Ye Zhao

Interactive Decision-making and Resilient Planning for Safe Legged Locomotion and Navigation

Ye Zhao Wins NSF CAREER Award for “Interactive Decision-making and Resilient Planning for Safe Legged Locomotion and Navigation”

July 12, 2022
By: Christa M. Ernst

Professor Ye Zhao and the LIDAR Lab Robots
Professor Ye Zhao and the LIDAR Lab Robots

Dr. Ye Zhao, Assistant Professor at the George W. Woodruff School of Mechanical Engineering, Director of  the Laboratory for Intelligent Decision and Autonomous Robots (LIDAR) and member of the Institute for Robotics and Intelligent Machines, has been granted an NSF CAREER Award of  ~$595,000.00 over a period of 5 years. Ye and his team will use the funding to develop a novel task and motion planning framework for bipedal robotic locomotion interacting with complex environments. Prof. Zhao’s goal is to achieve safe and autonomous robot locomotion that will move legged robotic systems from the confines of research labs into real-world application domains such as disaster relief, first responder assistance, surveillance for civil and mechanical infrastructures, and use in agricultural environments.

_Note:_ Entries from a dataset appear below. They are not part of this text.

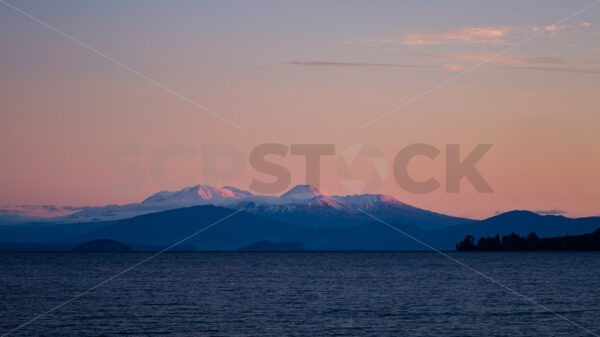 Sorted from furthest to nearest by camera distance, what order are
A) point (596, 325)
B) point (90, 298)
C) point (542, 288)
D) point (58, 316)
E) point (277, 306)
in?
point (542, 288), point (90, 298), point (277, 306), point (58, 316), point (596, 325)

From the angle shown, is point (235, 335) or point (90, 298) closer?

Zhao and his team aim to apply full-body-dynamics-aware trajectory optimization techniques with symbolic planning and policy learning, formal task specification design, robust decision-making, and add real-time locomotion failure recovery capability via behavior trees to address unexpected environment interventions. By using these complementary methods, Prof. Zhao hopes to resolve computational hurdles that have hindered the use of symbolic planning and decision-making methodologies on human-robot interaction problems. Additionally, Zhao and the LIDAR team will place and emphasis on experimental evaluations to enable transformative new legged navigation functionalities in real-world scenarios and pave the road for future studies of heterogeneous robot teaming in challenging environments.

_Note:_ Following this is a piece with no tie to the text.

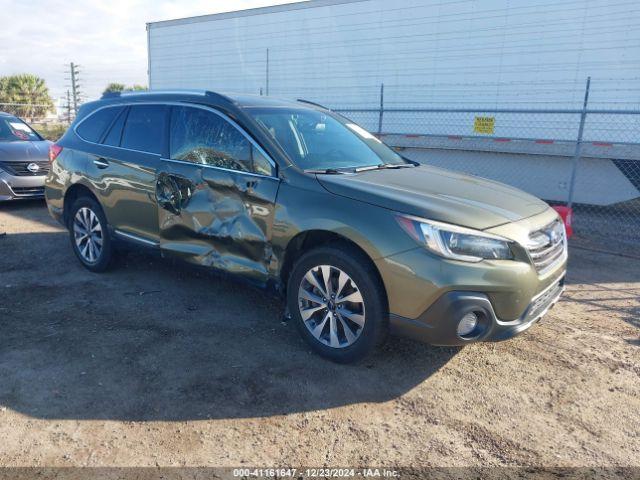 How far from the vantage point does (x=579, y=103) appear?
8016 mm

Ye Zhao received his Ph.D. degree in Mechanical Engineering from The University of Texas at Austin in 2016 and was a Postdoctoral Fellow at Harvard University, where he worked on robust trajectory optimization algorithms for manipulation problems with frictional contact behaviors. Dr. Zhao's and his students’ recent work has been recognized as 2021 ICRA Best Paper Award Finalist in Automation, 2016 IEEE-RAS best whole-body control paper award finalist, 2020 Late Breaking Results Best Poster Award, IEEE/ASME International Conference on Advanced Intelligent Mechatronics (AIM), and 2017 Thomson Reuters Highly Cited Paper. He serves as an Associate Editor of IEEE-RAS Robotics and Automation Letters and IEEE Control Systems Letters.

At the Laboratory for Intelligent Decision and Autonomous Robots Zhao and his team focus on the theoretical and algorithmic underpinnings for collaborative humanoid and mobile robots operating in unstructured and unpredictable environments while working alongside humans. Over the past few years, his team has enjoyed the collaborations with other research labs exploring machine learning, multi-agent teaming and safety control, and soft robotics. They look forward to working with people from physical human-robot interaction, contact mechanics, and animal behavior analysis areas.

About the NSF CAREER Award

The Faculty Early Career Development (CAREER) Program offers the National Science Foundation's most prestigious awards in support of early-career faculty who have the potential to serve as academic role models in research and education and to lead advances in the mission of their department or organization. Activities pursued by early-career faculty build a firm foundation for a lifetime of leadership in integrating education and research.